How to profile Datalog DBs?

yeah, it’s a pretty general question, but it gets at a pain point I’ve heard repeated for a while now. Serious and semi-serous DB architects/managers are familiar with various tools that can help profile performance in SQL databases. However, in Datalog DBs like Crux or Datomic the common complaint I hear is how difficult it is to know if something is running as efficiently as it could, or to debug run-time issues. Can anyone speak to this issue, either from experiencing the problem or knowing solutions?

1 Like

I can only speak about our experience with running Datomic in production. We log the query execution times, so that we can spot slow queries in our monitoring dashboard.

However I’m not aware of any tools for Datomic that provide something similar like Postgres’s “explain analyse”. The first :where clause should be the one that limits the result set the most. To find the slow parts of a datalog query I do:

  • comment out everything except the first :where clause
  • measure the query execution time
  • then I uncomment the next where clause
  • measure the query execution time
  • and so on

The pull parts of the datalog query can also be slow. We didn’t partitioned our entity ids. Therefore the data for one customer is oftentimes spread across a lot of Datomic segments. This causes that probably thousands of segments needs to be loaded into the memory, before the execution of the datalog query can even start. While the first query execution can take several seconds, the subsequent executions runs in 100-400ms. This is our biggest performance challenge at the moment. The described cause is only a hypothesis, since I cannot analyse this further without having Datomic’s source code. It would be great to have a Datomic datalog “explain analyse” tool that also reports the number of loaded segments.

3 Likes

@Webdev_Tory, I was just asking about this (in relation to Crux) to some JUXT guys the other day over at their Zulip, and the answer was that where clauses are reordered based on the internal stats they keep (I suspect it’s similar to what you mention about Datomic). You can actully see how the query is done if you enable debug logging.

The thread in question is here: https://juxt-oss.zulipchat.com/#narrow/stream/194466-crux/topic/query.20plan.2C.20.60where.60.20ordering

3 Likes

It looks like Datomic has no query planner

The :where clauses of Datomic queries are executed in order. This gives you total control over how the query engine performs with your data set. One rule of thumb is to place more restrictive clauses before less restrictive clauses

2 Likes

As @mvarela pointed out, Crux’s Datalog query engine ignores the user-provided ordering of :where clauses in a query and will always determine its own query plan, based on cardinalities/statistics and other heuristics. Computed query plans are required for the Worst-Case Optimal Join engine design to operate efficiently. This design enables lazy query execution that isn’t constrained by large memory requirements associated with constructing intermediate relations. It also means the queries that users submit are effectively more “declarative” in the general case, where the need to worry about execution ordering is avoided.

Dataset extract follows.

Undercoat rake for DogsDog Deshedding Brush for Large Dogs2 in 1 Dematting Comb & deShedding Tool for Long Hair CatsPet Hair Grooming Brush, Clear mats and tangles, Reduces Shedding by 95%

Inevitably though there may be cases where fine-tuning of the calculated join order is required and short of adding news heuristic to the query engine (or waiting for the Crux team to do so) you can usually restructure the query to force some predetermined subset of the final calculated order.

Debugging the join order is currently achieved via logging (again, as @mvarela helpfully mentioned) and looking for obvious ordering issues, although friendlier tooling for this is on the backlog here: https://github.com/juxt/crux/issues/1234. There is also a slowest-queries API which would be useful during testing and production to prioritise efforts.

Hope that helps :slight_smile:

1 Like